Lemnisk hosted a Customer Data Platform (CDP) In-Person Summit for the India region on June 15th, 2022 at Hotel Sofitel, Mumbai. The CDP Summit’s aim was to make enterprise marketers understand how they could create exceptional customer experiences using CDP-led hyper-personalization and increase their digital engagement and conversions. This article focuses on the fireside chat with Deepak Sharma, President & Chief Digital Officer, Kotak Mahindra Bank.
The key insights from the fireside chat are as follows:
Fireside Chat with Deepak Sharma
1. Why is the convergence of different functions in an organization important? From a leadership standpoint, what should be our big takeaways?
Organizations are realizing two things. One is a lot of initiatives or investments that organizations are making are failing to give a commensurate return. So that’s a question mark. When you keep investing across different aspects be it a martech stack or your data or CDP or real-time analytics, they are run by different functions of the organization. Each one has a vision of what they want to do but then it’s not adding up to the combined vision of the firm.
Second is the revenue or return that you expect from these investments. I think organizations have learned through some of these two questions what is the end outcome, why are we doing it, and why no one team or business can answer this question in isolation. I think that is forcing organizations to look at people, structure, and culture.
When you look outside, who are the incumbents that you are up against? In every industry or financial services today, you find a big tech or someone coming in and reimagining and creating a very different attacker model. The moment you look at that you realize it is something that you are doing is not right. I think apart from the internal ability there is also an outside view that is coming in now and I think both of these are driving the transition and the change within an organization.
2. As a leader, what guidance or advice would you give in terms of bringing different functions together in an organization and working them towards a common goal?

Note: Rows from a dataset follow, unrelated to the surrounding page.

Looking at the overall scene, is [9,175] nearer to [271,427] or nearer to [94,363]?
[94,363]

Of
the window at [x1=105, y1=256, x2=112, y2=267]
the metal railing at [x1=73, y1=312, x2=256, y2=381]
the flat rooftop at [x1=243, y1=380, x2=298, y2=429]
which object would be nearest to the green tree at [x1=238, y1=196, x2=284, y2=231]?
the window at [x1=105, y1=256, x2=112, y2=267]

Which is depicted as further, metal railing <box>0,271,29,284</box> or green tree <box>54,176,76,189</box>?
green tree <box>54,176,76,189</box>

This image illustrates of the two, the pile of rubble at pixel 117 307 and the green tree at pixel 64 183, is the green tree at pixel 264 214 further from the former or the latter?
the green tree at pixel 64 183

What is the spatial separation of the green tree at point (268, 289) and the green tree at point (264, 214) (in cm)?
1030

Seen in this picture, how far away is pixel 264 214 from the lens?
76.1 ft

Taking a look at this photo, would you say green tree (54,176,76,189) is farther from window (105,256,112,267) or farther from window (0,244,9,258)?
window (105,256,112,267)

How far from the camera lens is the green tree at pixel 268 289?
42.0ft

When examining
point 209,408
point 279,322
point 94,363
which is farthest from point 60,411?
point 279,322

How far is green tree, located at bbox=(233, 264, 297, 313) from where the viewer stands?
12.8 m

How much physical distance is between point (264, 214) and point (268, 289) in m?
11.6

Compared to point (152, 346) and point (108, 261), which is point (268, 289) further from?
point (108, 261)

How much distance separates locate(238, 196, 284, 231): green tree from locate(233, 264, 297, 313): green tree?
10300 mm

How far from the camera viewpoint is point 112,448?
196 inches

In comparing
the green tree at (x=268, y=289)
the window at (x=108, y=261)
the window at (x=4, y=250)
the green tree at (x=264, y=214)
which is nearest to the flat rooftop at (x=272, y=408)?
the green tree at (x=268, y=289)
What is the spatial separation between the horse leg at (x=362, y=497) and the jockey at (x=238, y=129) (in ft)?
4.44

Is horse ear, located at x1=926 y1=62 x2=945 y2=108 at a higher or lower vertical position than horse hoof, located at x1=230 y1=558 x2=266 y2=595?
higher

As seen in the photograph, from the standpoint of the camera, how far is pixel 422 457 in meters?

Start with outlining the key use cases and where you want to apply them such as reducing churn or increasing the product holding ratios, etc. There are key matrices and they are owned by different business owners or functional owners. The starting point is to understand from each area what are the key outcomes that they are trying to solve.
As we align the core business goals and the teams then we stitch it with the data fabric. Getting the data strategy in takes it to the next level. To see that you have got these two, what is the martech stack that you want to integrate? It should be open and not bind you with one particular provider. Because teams want freedom and don’t want to get locked in. And you also need to tell them that just because you’re working together doesn’t mean you don’t have the ability to experiment, think, and build stuff.
The data stack team knows what data they require and again brings the Context Relevance Real-Time (CRR). Hence, as long as these matrices are met, it comes back to the business teams to see how they use this using martech tools, the data that is available and convert it into business outcomes.
3. What do you expect from a martech partner? What helps you choose the right partner and do you have any guidance for it?
I don’t think there’s anything like a right or a wrong partner because we are all learning as we go along. But I think the challenge only is no one partner provides you with everything and I think that’s important and that’s why I said the stack needs to be modular. When we look at tools it needs to be easy to plug in and we should always have room to change, replace, and upgrade depending on how trends around us are changing.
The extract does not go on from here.